● **What you need to do**:
Each line from the one containing "L'Agence Women's Celestia" through the last line of the records is to be repeated exactly, with all pictures left out.

Short web captions
■ ■ ■ ■

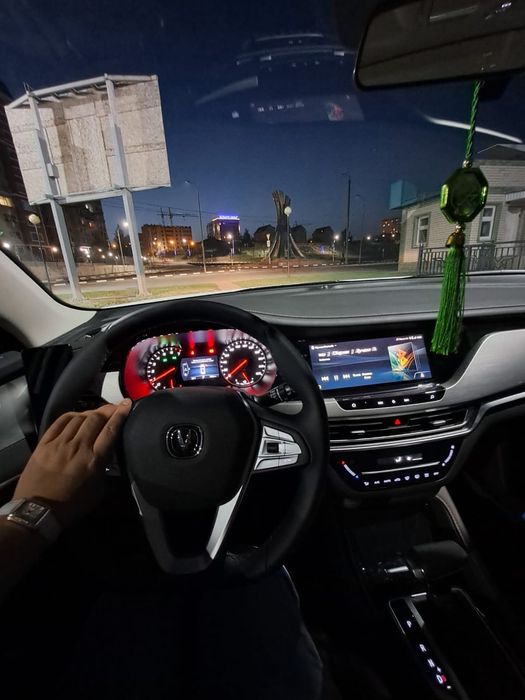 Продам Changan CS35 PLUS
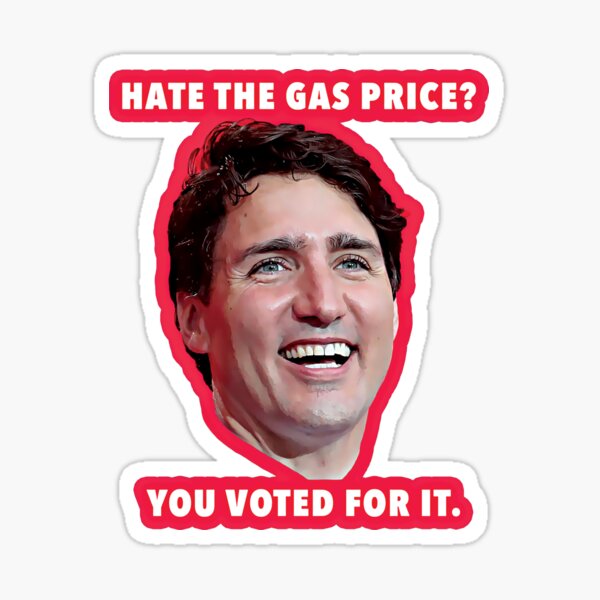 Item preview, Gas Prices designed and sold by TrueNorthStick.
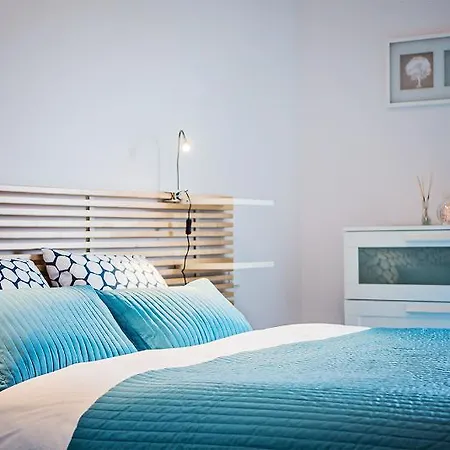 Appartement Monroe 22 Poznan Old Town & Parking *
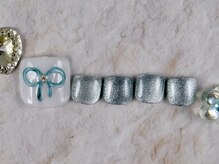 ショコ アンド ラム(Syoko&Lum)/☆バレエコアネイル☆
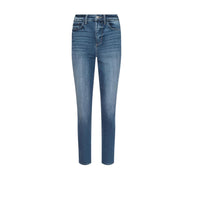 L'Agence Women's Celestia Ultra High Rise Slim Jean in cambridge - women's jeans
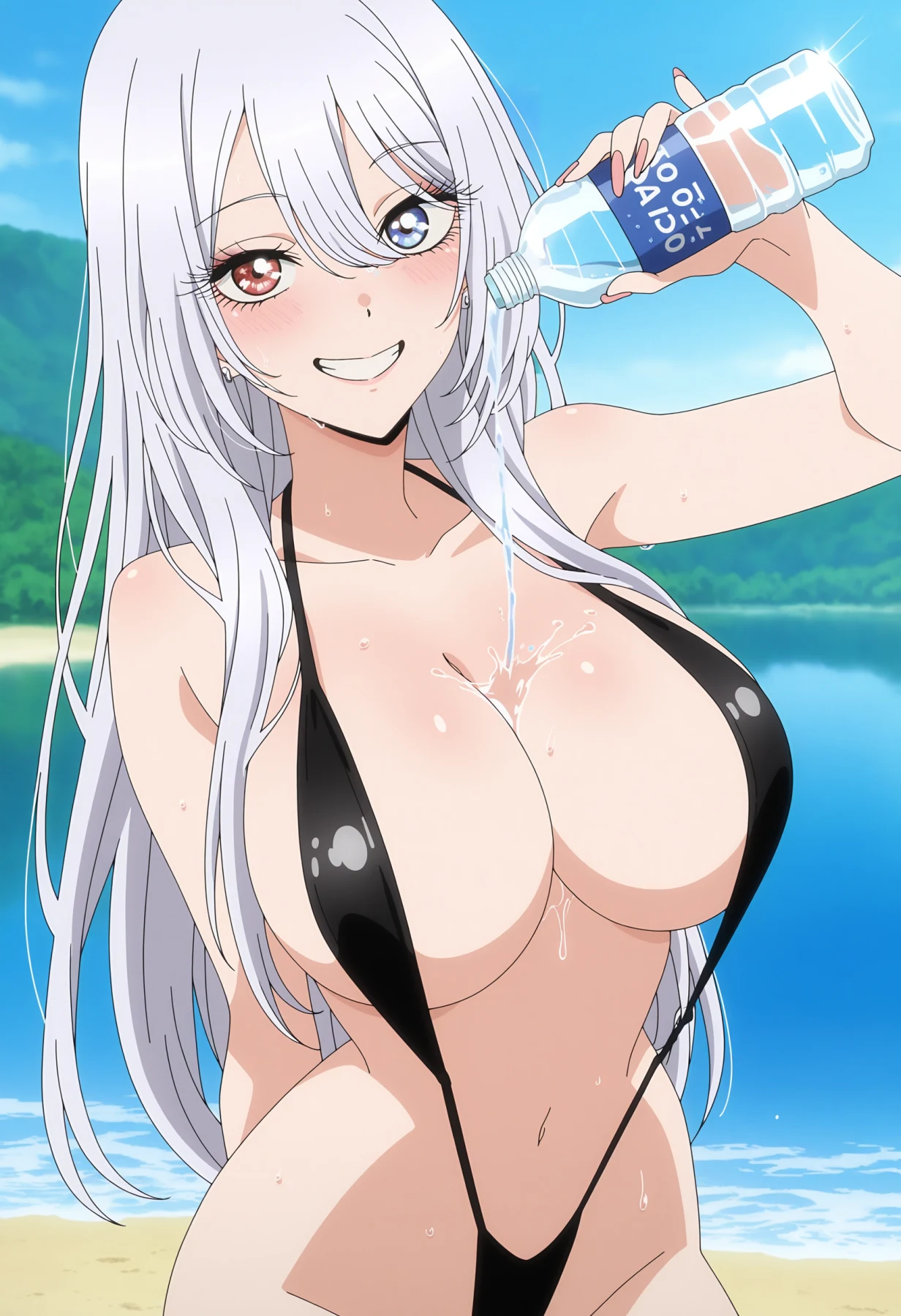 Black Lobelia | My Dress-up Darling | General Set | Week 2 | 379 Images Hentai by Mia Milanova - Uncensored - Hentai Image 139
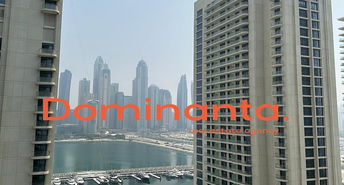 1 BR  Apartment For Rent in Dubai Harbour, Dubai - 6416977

■ ■ ■ ■

● **Solution for this problem**:
 L'Agence Women's Celestia Ultra High Rise Slim Jean in cambridge - women's jeans
 Black Lobelia | My Dress-up Darling | General Set | Week 2 | 379 Images Hentai by Mia Milanova - Uncensored - Hentai Image 139
 1 BR  Apartment For Rent in Dubai Harbour, Dubai - 6416977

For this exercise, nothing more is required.